Rather than restricting the search path using a predicate from the statement, Skip Scans are initiated by probing the index for distinct values of the prefix column. Each of these distinct values is then used as a starting point for a regular index search. The result is several separate searches of a single index that, when combined, eliminate the affect of the prefix column. Essentially, the index has been searched from the second level down.
The optimizer uses statistics to decide if a skip scan would be more efficient than a full table scan.
Optimizer considers his as an advantage over a FTS because
It reduces the number of indexes needed to support a range of queries. This increases performance by reducing index maintenance and decreases wasted space associated with multiple indexes.
The prefix column should be the most discriminating and the most widely used in queries. These two conditions do not always go hand in hand which makes the decision difficult.

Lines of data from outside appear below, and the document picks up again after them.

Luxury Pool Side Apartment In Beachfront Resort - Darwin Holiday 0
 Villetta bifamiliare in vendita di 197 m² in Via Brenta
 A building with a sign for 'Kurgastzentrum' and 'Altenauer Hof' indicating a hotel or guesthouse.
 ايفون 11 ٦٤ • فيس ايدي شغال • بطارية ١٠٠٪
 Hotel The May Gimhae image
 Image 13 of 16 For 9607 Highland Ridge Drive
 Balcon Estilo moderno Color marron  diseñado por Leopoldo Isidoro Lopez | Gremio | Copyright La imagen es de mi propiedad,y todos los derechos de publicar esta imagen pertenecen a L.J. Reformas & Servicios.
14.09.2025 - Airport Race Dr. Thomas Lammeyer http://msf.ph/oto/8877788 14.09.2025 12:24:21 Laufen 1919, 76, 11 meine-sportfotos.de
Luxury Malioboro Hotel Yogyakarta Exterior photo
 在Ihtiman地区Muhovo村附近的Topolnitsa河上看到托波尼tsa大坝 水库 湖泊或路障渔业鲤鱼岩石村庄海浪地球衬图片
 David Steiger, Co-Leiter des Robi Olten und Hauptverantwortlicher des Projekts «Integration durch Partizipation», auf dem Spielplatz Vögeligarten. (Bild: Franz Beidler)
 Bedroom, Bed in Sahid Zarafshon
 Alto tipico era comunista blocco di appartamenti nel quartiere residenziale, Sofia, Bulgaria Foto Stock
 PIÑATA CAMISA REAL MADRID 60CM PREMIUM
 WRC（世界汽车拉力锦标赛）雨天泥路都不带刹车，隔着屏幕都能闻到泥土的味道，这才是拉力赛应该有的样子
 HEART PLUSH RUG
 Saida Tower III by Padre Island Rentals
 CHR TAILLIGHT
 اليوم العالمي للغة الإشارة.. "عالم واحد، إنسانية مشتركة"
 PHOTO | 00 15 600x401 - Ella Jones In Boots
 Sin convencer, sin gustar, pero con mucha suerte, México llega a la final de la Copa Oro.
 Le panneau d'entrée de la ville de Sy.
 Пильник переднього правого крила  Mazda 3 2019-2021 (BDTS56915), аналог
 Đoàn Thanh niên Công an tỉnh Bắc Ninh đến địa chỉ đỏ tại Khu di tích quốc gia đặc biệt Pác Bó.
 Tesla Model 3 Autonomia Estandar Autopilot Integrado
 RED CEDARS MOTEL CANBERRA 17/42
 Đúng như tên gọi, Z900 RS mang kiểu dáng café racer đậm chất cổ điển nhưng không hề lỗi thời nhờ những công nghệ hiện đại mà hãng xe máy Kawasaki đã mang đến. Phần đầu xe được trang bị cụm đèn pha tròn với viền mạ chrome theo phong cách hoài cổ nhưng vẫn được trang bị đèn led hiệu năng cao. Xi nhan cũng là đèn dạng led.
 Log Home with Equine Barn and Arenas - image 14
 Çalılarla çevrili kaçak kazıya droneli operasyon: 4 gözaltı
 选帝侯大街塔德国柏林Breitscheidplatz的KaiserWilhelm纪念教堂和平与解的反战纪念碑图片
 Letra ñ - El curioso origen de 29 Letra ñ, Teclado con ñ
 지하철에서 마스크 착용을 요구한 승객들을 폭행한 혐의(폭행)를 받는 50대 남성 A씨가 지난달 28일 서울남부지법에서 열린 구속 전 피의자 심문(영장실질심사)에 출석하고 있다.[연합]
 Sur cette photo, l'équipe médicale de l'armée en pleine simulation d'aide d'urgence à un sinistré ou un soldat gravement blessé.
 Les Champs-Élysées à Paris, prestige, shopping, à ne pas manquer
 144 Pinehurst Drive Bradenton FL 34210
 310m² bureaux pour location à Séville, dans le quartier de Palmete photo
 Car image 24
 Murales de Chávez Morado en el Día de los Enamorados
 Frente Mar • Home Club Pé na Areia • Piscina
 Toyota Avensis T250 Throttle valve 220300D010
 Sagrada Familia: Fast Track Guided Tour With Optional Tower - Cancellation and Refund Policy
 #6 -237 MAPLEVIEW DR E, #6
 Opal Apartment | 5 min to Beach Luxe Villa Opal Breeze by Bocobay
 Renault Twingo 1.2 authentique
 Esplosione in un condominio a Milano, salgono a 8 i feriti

In these situations skip scanning reduces the impact of makeing the "wrong" decision.
You can consider the following
Check the optimizer mode across the environments.
Gather stats on all the tables used in the query. For example, if a table has not been analyzed since it was created, and if it has less than DB_FILE_MULTIBLOCK_READ_COUNT blocks under the high water mark, then the optimizer thinks that the table is small and uses a full table scan. Review the LAST_ANALYZED and BLOCKS columns in the ALL_TABLES table to examine the statistics.
Though your environment is similar and code is same, optimizer is going to check on the fly and choose the best available method. So do your UAT with same data setup. Since it is a UAT (almost a preproduction in most o the companies), it should be the closest to production in terms of size.
From what I can see, table DEB.VIEW_DORMANT is a view on tables ACCOUNT and EXTENSION1, and you'd like to use index UXACCT2 from the former. I guess a hint inside this request should allow you to do what you want, something like:
SELECT /*+ INDEX(D UXACCT2) */ ASV_ODC_BRANCH.CODE,
...
FROM ASV_ODC_BRANCH, DEB.VIEW_DORMANT D, DEB.CUSTOMER
...
PS: if this is a query you manage (not generated by any high-level software), I suggest you use aliases for your table as I did, that makes queries so much more readable...
Can I help you to make it a INDEX-ACCESS instead of a FTS? Probably...
Do you really want that? - Probably NOT
Why is the database behaving differently? Because you operate on different data - As your sample shows, the query returns a different number of rows, so I don't even have to ask if your production and test-data is the same. If you have different data (different amounts or different values in indexed columns) you Database-Stats will be different, your indexes will look different and so the optimizer will come to a different query-plan!
What should you do? Make sure all you indexes are up to date, your partitions are sanely arranged, all you database-stats are up-to-date and no strange tuning-settings are in place ( query-plans, environment settings...) Then the optimizer will in most cases find the best plan - and in many cases a full-table-scan is the FASTER alternative.
But if you measure the times and the optimizer clearly takes the wrong path, although it has accurate table-stats, you should file a bug-report with oracle.
If you have other reasons for wanting the optimizer to do indexed-access:
If you cannot enter an Optimizer-HINT like Emmanuel offered, you can try Profiles or Baselines, which offer nice tuning possibilities. You can write your own statement, with different WHERE-Predicates until you get a plan with index-access and use this as an SQL-Profile and link this profile to the original statement which will then use the same query-plan.